Dog-proof window treatments?
April 29, 2015 6:28 PM   Subscribe

My 80-lb. German Shepherd destroyed an expensive custom blind today. Help me avoid throwing more money away.

When I came home from work today, I discovered that my dog must have been really intent on barking at something outside the living room window, because many of the slats on the blinds were broken. This is a large window at the front of the house, so I really need to replace it ASAP so we have privacy in the evenings.

What should I do? Cheap curtains so if I have to replace again it won't cost a bunch? Or is there a type of window covering that can be completely raised during the day so it's out of the dog zone?
posted by rabbitrabbit to Shopping (10 answers total)
What about just regular honeycomb cellular shades? They raise all the way up.
posted by charmedimsure at 6:35 PM on April 29, 2015

Cheap. Target. Ikea. We have a bonkers shepherd and two cats and have come to understand the deep conclusive meaning of 'this is why we can't have nice things'.

To quote a household aphorism, you can be an animals person or a furniture person. You can't be both.
posted by A Terrible Llama at 6:39 PM on April 29, 2015 [10 favorites]

I suppose that crating the dog when you aren't home or confining him to a room where he can't do too much damage is not an option? If this is a regular issue, crate training might be much cheaper and easier than the blinds.
posted by sciatrix at 7:07 PM on April 29, 2015 [1 favorite]

Consider vertical blinds.
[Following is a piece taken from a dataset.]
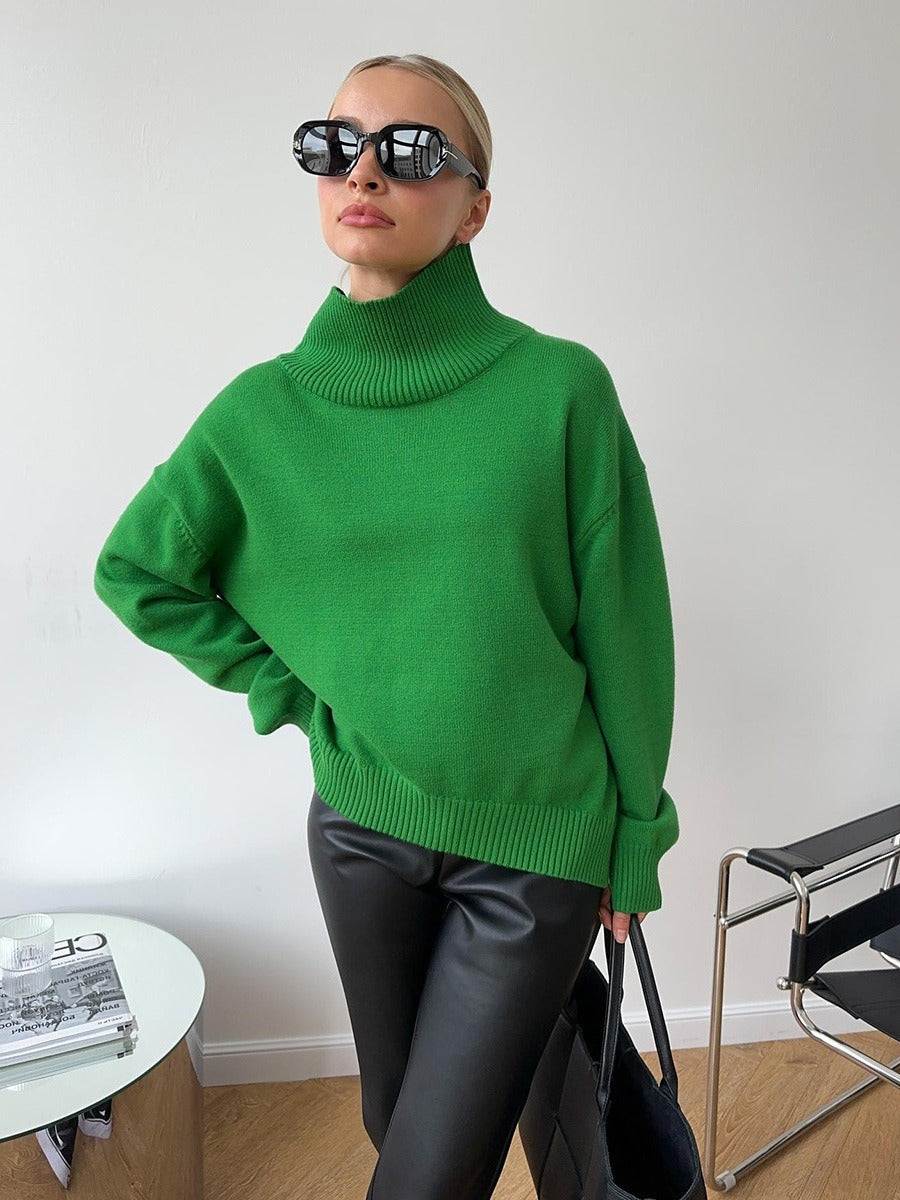 Solid Ribbed Edge Knit Pullover Sweater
Each slat is cheap to replace (they get bitten occasionally) and the dogs can stick their heads through without breaking them. Or strangling to death.
posted by Lyn Never at 7:26 PM on April 29, 2015 [5 favorites]
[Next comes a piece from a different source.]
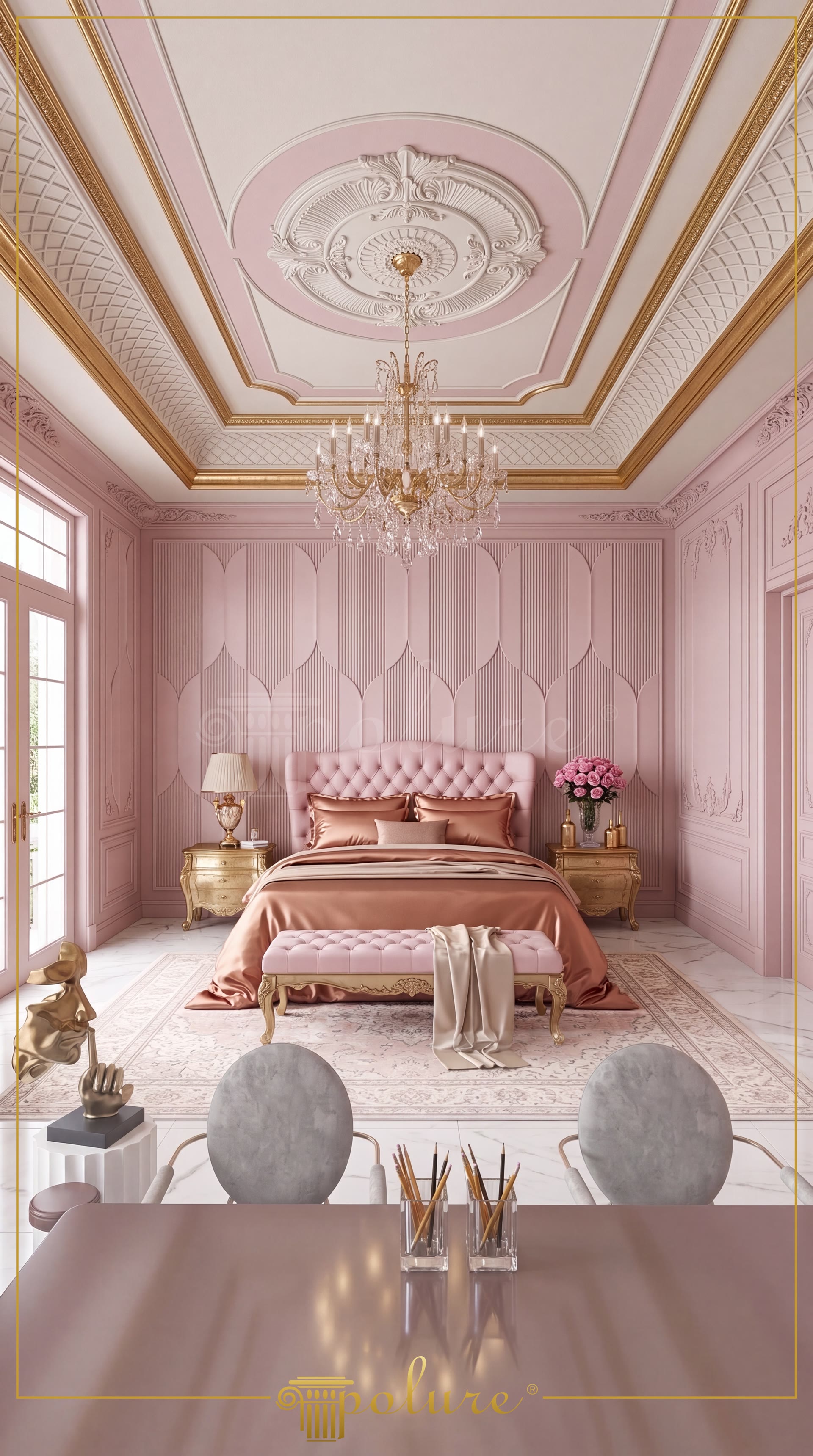Dormitor elegant amenajat cu panouri din poliuretan P312020 pe perete, cornișă P81166 și rozetă P7145 pe tavan.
Lace curtains,the dog can see out, doesn't need to move anything. Over curtains for the evening. Shopko is great for curtain panels and rods. Don't box up the dog, then he can't protect your property. Big barking dog, is the best burglary deterrent.
posted by Oyéah at 9:07 PM on April 29, 2015

Roller shades work well for our animals; when the shade is down, they can paw it away from the window and then sit between the shade and the window. Also, a roller shade can be rolled up completely, even higher than horizontal blinds or a Roman shade.
posted by neushoorn at 4:13 AM on April 30, 2015

I agree with crate training. Keep in mind that you do have neighbors that do not want to listen to your dog bark and tear your place up all day long. Until dog is trained, you can buy inexpensive bed sheets to hang up. Just stick a hem at one end to run the curtain rod through.

You could sew bells on the end and train your dog to stop when he hears the bells.
posted by myselfasme at 4:33 AM on April 30, 2015

In a similar situation, I used contact paper / stick-on drawer liners to cover the window itself to retrain the dog not to bark at all pedestrians. I've since removed it, but it did give me privacy for ~$1/roll and there are some neat patterns.
posted by bookdragoness at 6:26 AM on April 30, 2015 [2 favorites]

We've done very similar to bookdragoness, but with frosted privacy glass film, so light still comes in the house. Waxed paper taped to the glass works almost as well. We put it on the bottom half of our windows (double-hung style) as our dogs can't see out the top half. It keeps pedestrians from seeing into our house as well, so we can have the curtains open all day long with light streaming in (we love light).
posted by apennington at 7:02 AM on April 30, 2015

Is this a small or especially low window? Because every set of horizontal blinds I've ever had raise all the way up, to within a couple of inches of the top of the window.